TMTOWTDI, Haskell Style

I assure you there will be no further allusions to Korean earworms. That said, on to the subject at hand...

Remember the exercise in the online Haskell course that had several tests to filter out weak passwords, all of which had to pass for the fictitious system to allow a String value to be used as a password? I wanted to make it easy to change, so I wanted to take a [String -> Bool] and get a [Bool] I could apply and to for the final thumbs up/thumbs down decision.

The first step: roll my own, which has a pleasing symmetry with map if you write it as a list comprehension:

wonkyMap fs x = [f x | f <- fs]

Then I stumbled across Derek Wyatt's blog post about using sequence for the purpose. Life was good... and then I got Haskell Programming from first principles, and life got better, because its authors do a very good job of explaining the Applicative type class. Applicative defines two functions, pure and (<*>):

class Functor f => Applicative f where
    pure  :: a -> f a
    (<*>) :: f (a -> b) -> f a -> f b

Here f is a unary type constructor like Maybe or [] (both of which happen to be in Applicative). Being a Functor is a prerequisite for being an Applicative, as you can see from that first line. pure, given a value of type a, gives you back one of type f a. (<*>) is intended to act like function application, letting you take plain old a -> b values and apply some number of them (possibly zero--an empty list is a list, and Nothing is a Maybe (a -> b)) to some number of a values in an f a and get back an f b.

For our purposes, f is [], and if you think about it there's not much choice for what pure and (<*>) can be:

 instance Applicative [] where
    pure x = [x]
    fs <*> xs = [f x | f <- fs, x <- xs]

That's almost exactly what we want--the only thing we have to do is put our candidate password in a list (purify it?), like so:

s `satisfies` cs = and $ cs <*> [s]

So, for this exercise, Haskell is kind of Perl-like: TMTOWDI (there's more than one way to do it). Some would say this shows Haskell is Perl-like in a worse way, namely having weird unintelligible operators. I won't take a position, save to say that ghci makes it a lot easier than Perl (or APL, the original "WTF does this do?" language). :t is your friend!

Prelude> :t (<*>)
(<*>) :: Applicative f => f (a -> b) -> f a -> f b

Now, are all three ways we've come up with equally good? Rolling your own function is a way to start, but why reinvent the wheel? sequence works, but

Prelude> :t sequence
sequence :: (Monad m, Traversable t) => t (m a) -> m (t a)
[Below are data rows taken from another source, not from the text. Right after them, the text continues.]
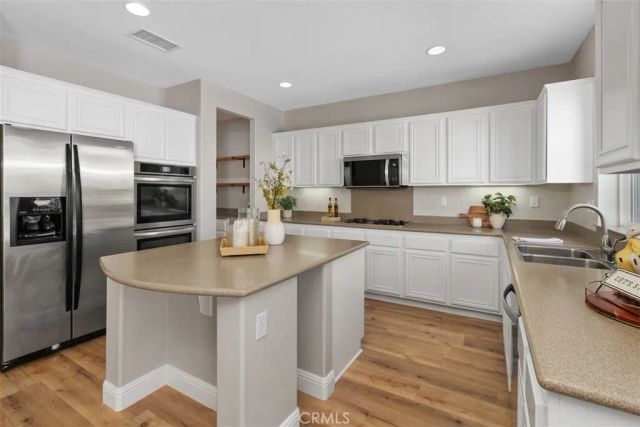 32848 Seattle Slew Circle, Menifee, CA 92584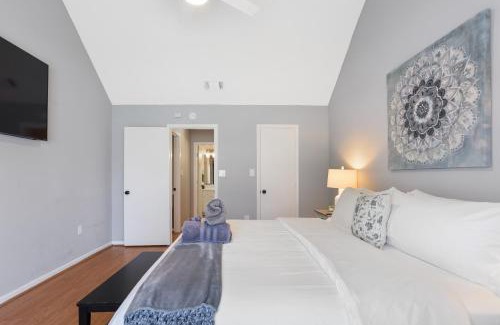 Savannah House | Midtown Savannah Gem Quiet and Close to Everything
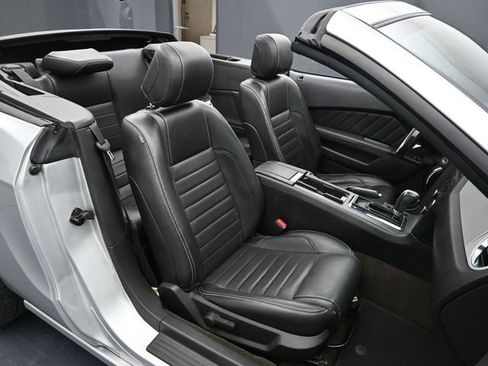 Used 2014 Ford Mustang Premium image 24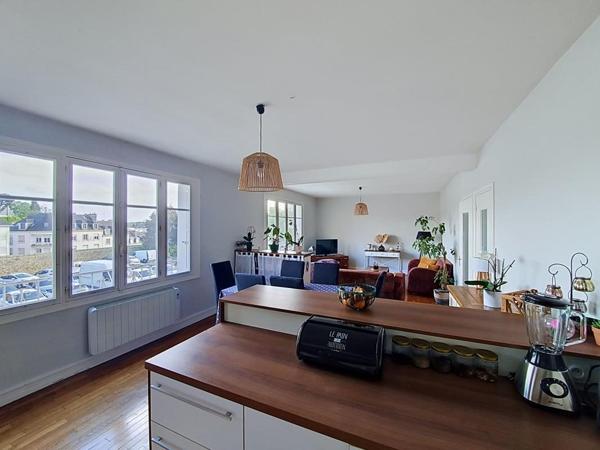HENNEBONT : Au centre, appartement avec deux chambres et une cave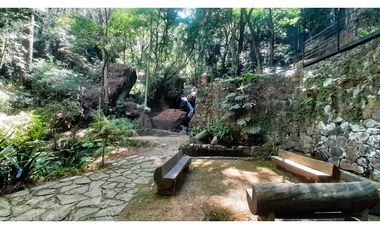 CASA EN RENTA CON CASCADA EN AVNDARO, VALLE DE BRAVO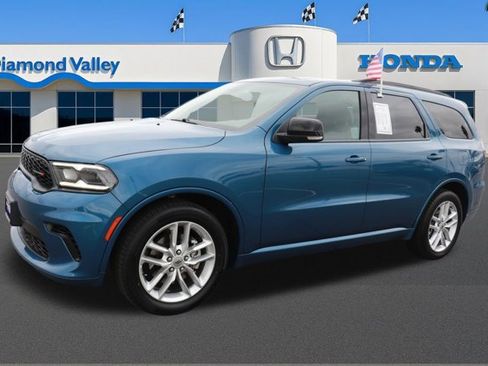 Used 2024 Dodge Durango GT image 3
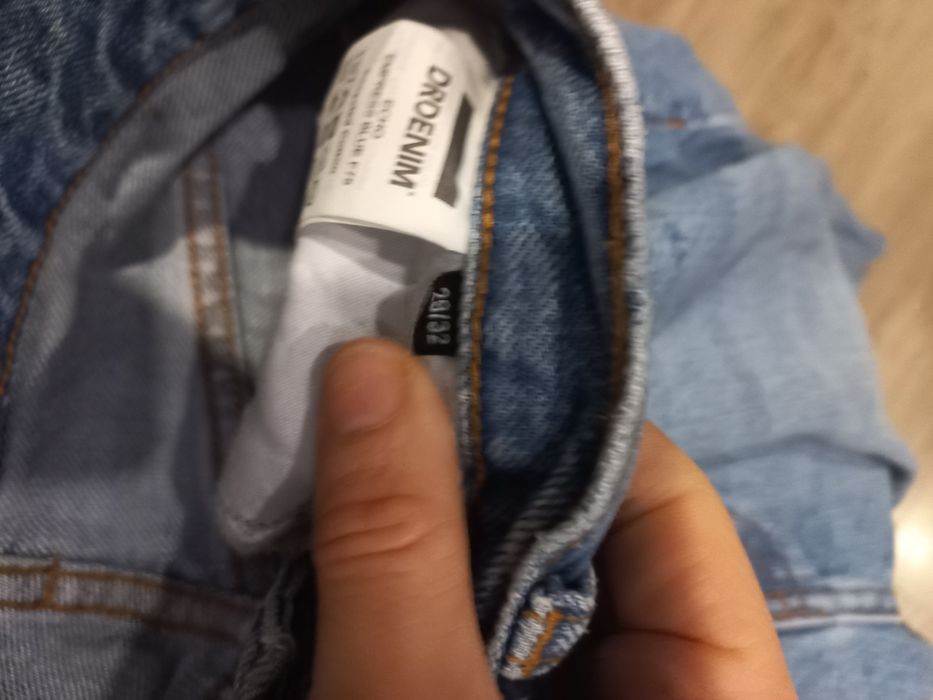 Дънки с широк крачол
is far more general than (<*>), so that it takes more thought to realize it can be used this way. (<*>) more directly and specifically says it has to do with what we want, so I would argue that it is clearer.

One more thing: type classes don't just have functions; they have rules that those functions must follow. I urge you to track down the rules for Applicative and persuade yourself that [] satisfies them.